The Fed is now stuck between a rock and a hard place, with no easy way out without the economy feeling pain. Fed Chairman Jay Powell has started to underscore that reality by admitting a recession could occur.
This is at the same time that we will likely get the second quarter in a row of negative real GDP growth, which is, loosely, how many define a recession. An official recession would require a rise in unemployment, which the Fed has admitted is necessary for inflation to come down.
Kansas City Fed President Esther George dissented at the June meeting, opting in favor of a more measured 0.5% hike in rates. She is worried about the destabilizing effects that rapid rate hikes could have on the economy, both at home and abroad.
She is not alone in her concern. Voting members of the FOMC usually do not dissent in a vacuum. They often cast a vote reflecting the views of those who agree with them but are not in a position to vote at a given meeting.
The Fed will discuss a full percent but will likely stay with a 0.75% hike. We could potentially see more than one dissent. Some may favor a full percentage point hike, while others favor a half percentage point hike.
Why such dissonance? The Fed has a diverse set of views; it is in uncharted waters. Uncertainty and disagreement about the course of rate hikes is a natural consequence.
The July meeting will be the first fully staffed FOMC meeting since 2013. The entire Board of Governors has been sworn in, while new regional presidents have been named to fill vacant posts. That adds to the level of debate.

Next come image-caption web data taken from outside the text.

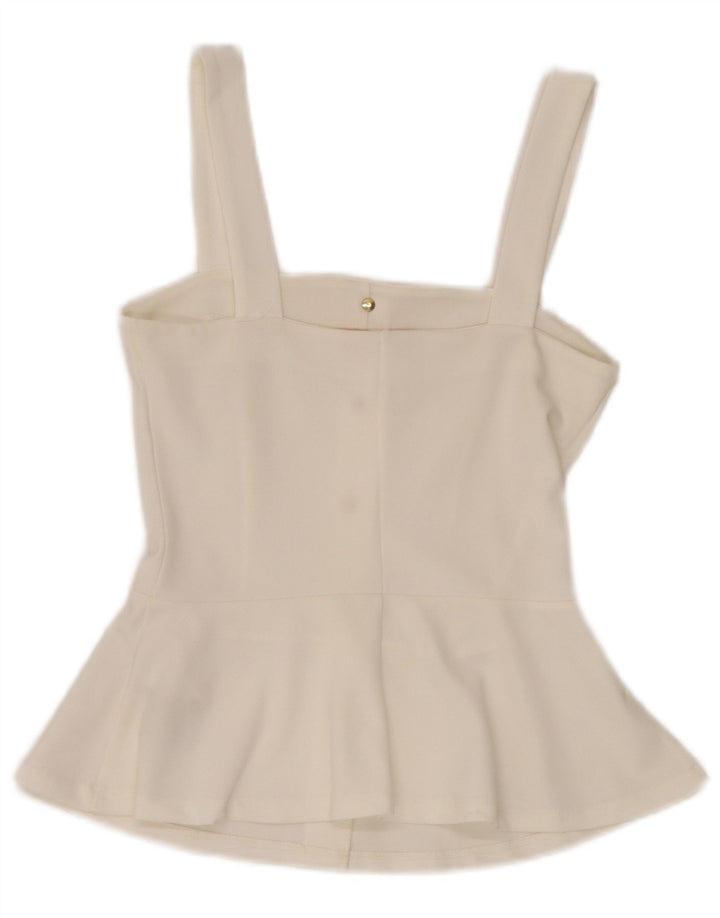 Guess Womens Cami Top UK 6 XS Poliéster Branco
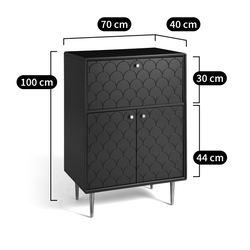 La Redoute Interieurs Luxore Pine Bar Cabinet by La Redoute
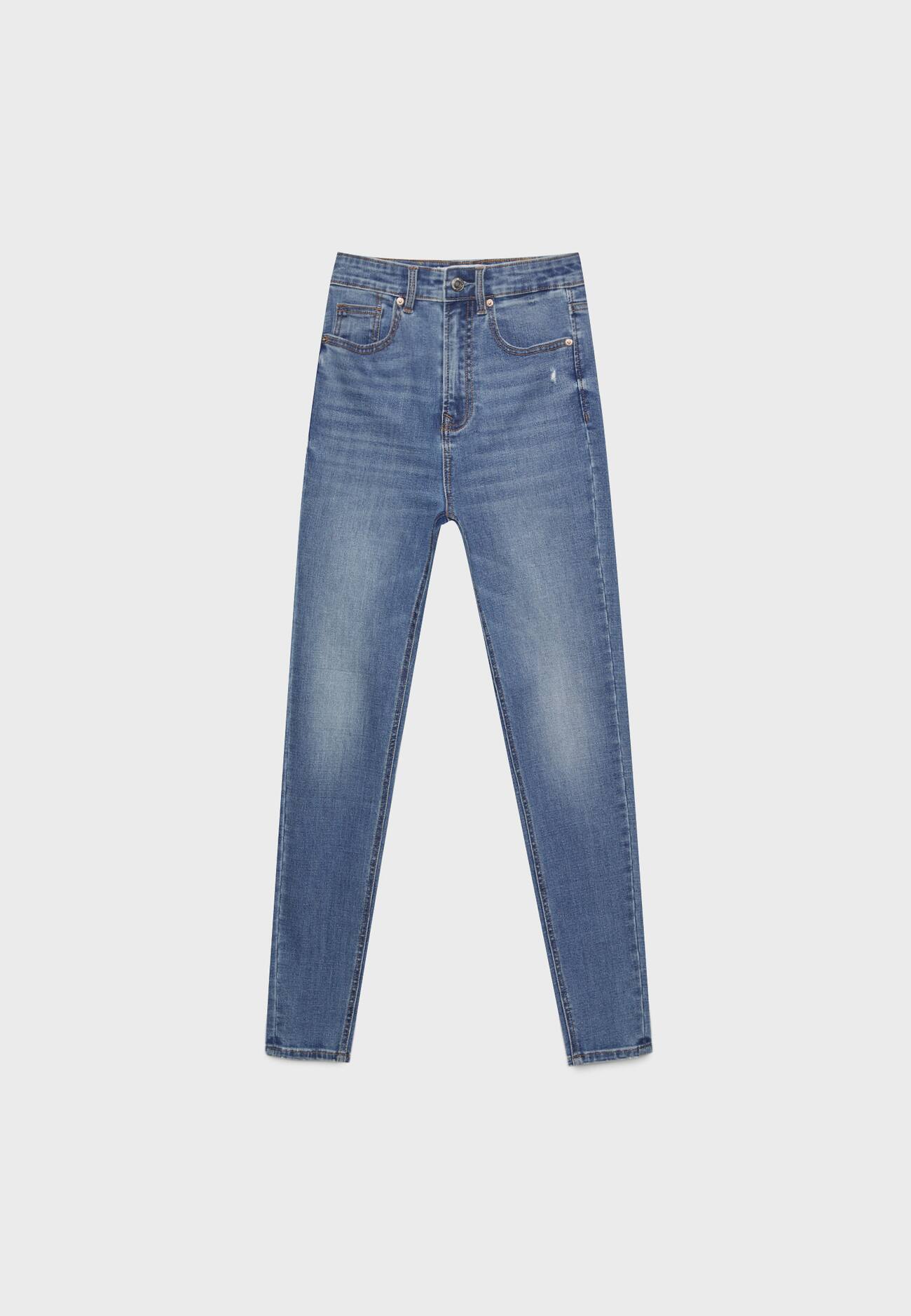 Calça jeans skinny super cintura alta 1450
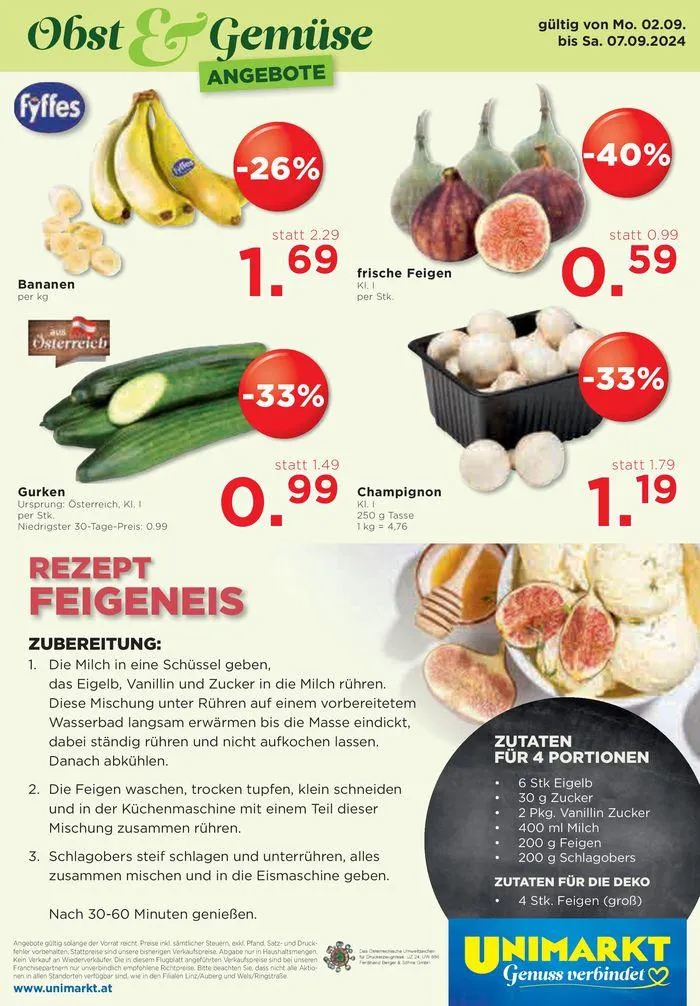Unimarkt flugblatt von 4. September bis 10. September 2024 - Flugblätt seite 16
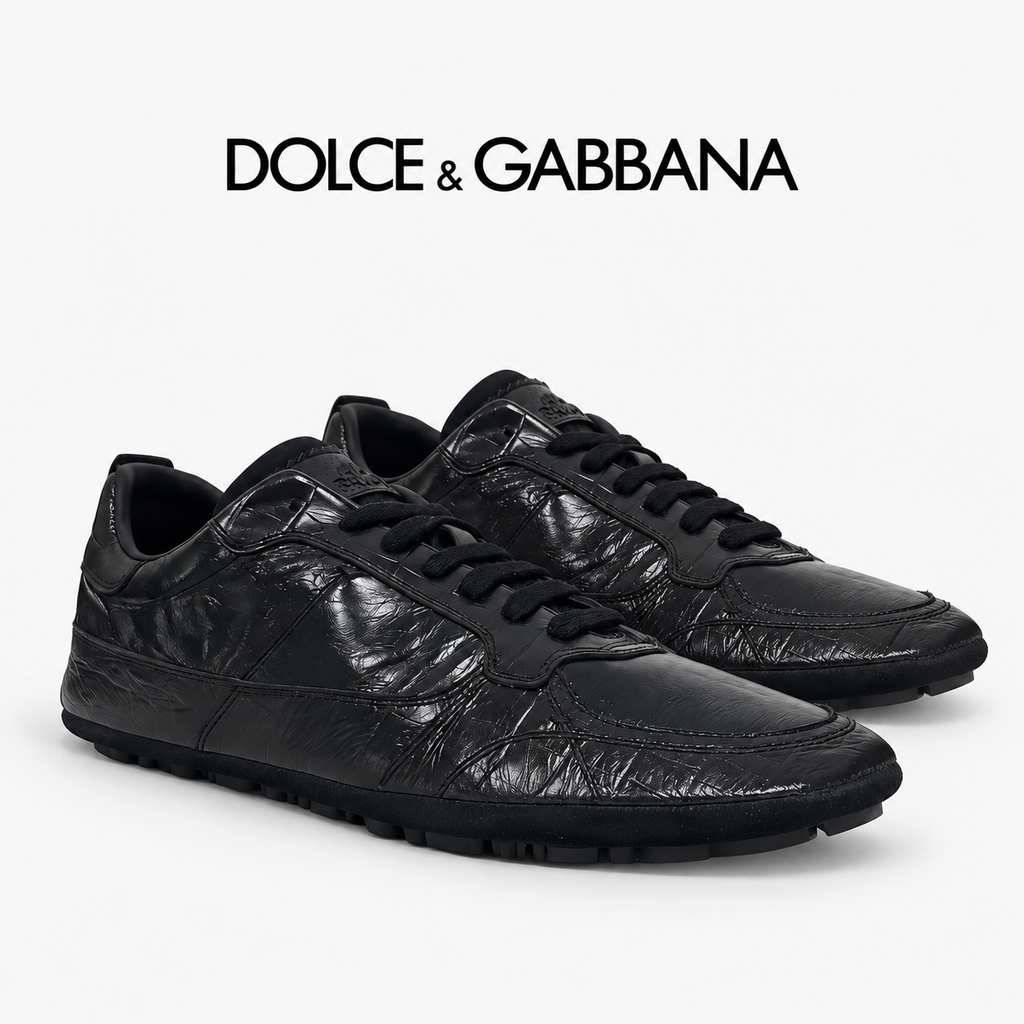 Dolce & Gabbana DG Men's Casual Sneakers with Stitched Logo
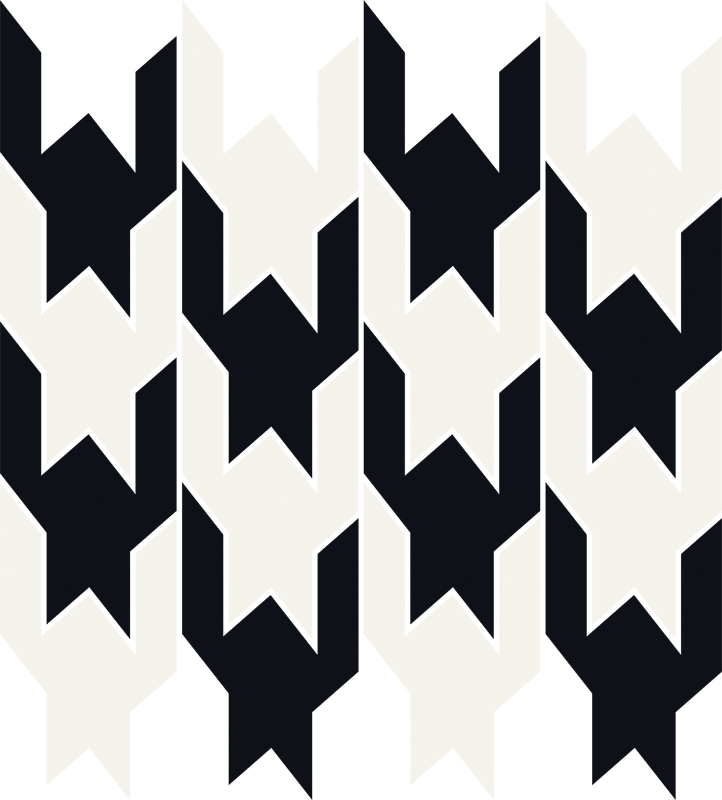 Мозаика Paradyz Uniwersalna Mozaika Bianco Stella, цвет чёрно-белый, поверхность матовая, прямоугольник, 268x298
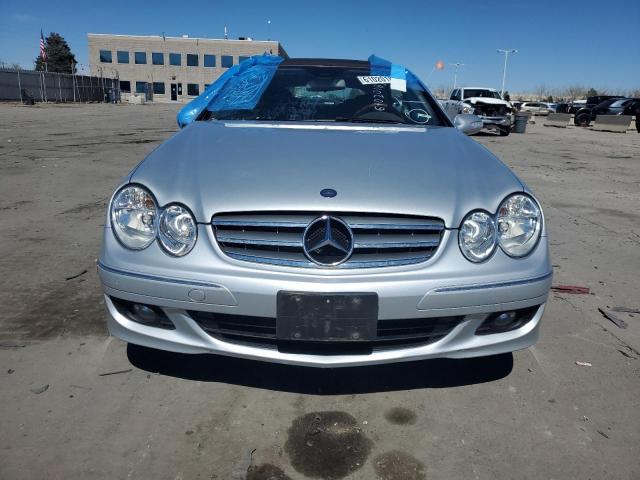 WDBTK56F46F201436 - 2006 MERCEDES-BENZ CLK 350 SILVER photo 5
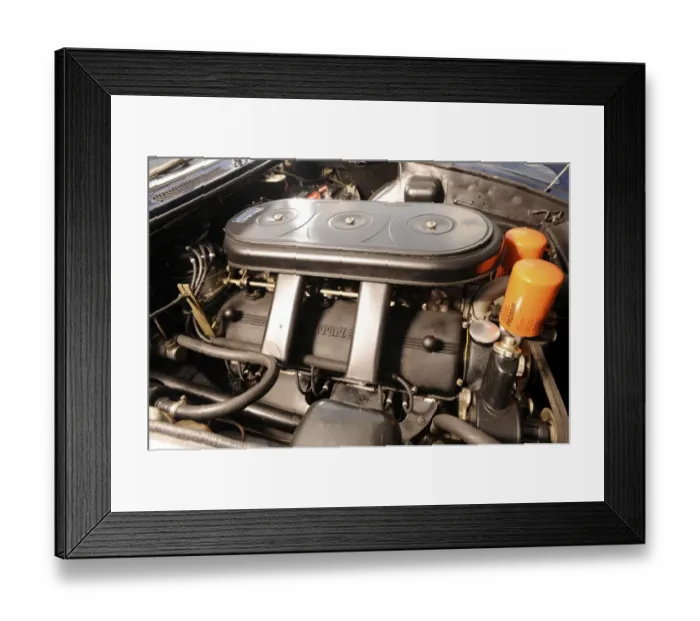 Framed Print : Ferrari 365 gt
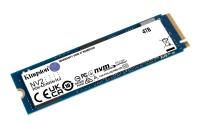    Kingston SSD NV2, 4000GB, M.2(22x80mm), NVMe, PCIe 4.0 x4, 3D TLC, R/W 3500/2800MB/s, TBW 1280, DWPD 0.3 (SNV2S/4000G)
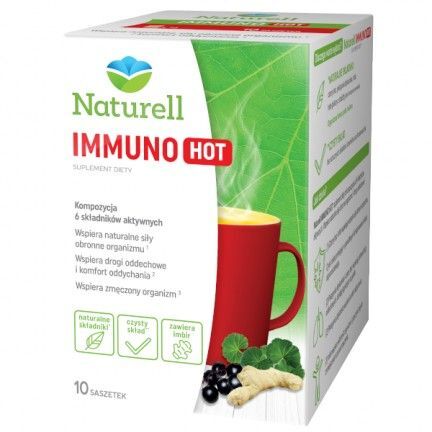 Naturell Immuno Hot, 10 saszetek odporność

The Fed is the de facto central bank to the world. Rate hikes here have to be matched with rate hikes elsewhere. This is pushing up debt service costs at the same time many countries cannot afford to pay for food and energy. Sri Lanka's default was extreme but provides a cautionary tale. Other defaults are possible. China is not in the position it once was to help; it provided a loan to Pakistan to help it meet debt obligations in April.
Now add the collapse of Italy’s government and the need for the ECB to contain fragmentation - a blow out of debt spreads within the eurozone - even as it raises rates. These challenges along with turbulence in emerging markets make the Fed’s job more complex. There is no Las Vegas in the global economy: what happens elsewhere does not stay there.
The Fed's greatest nightmare is that it accidently hits a trip wire that triggers a seizure in credit markets. That could force it to intervene to prevent a fully fledged economic meltdown before inflation has been tamed.
The Fed wants to avoid a repeat of the stop-and-go policies that fueled the stagflation of the 1970s but may not have a choice. I don’t envy its job. Rising rates are revealing a multitude of sins.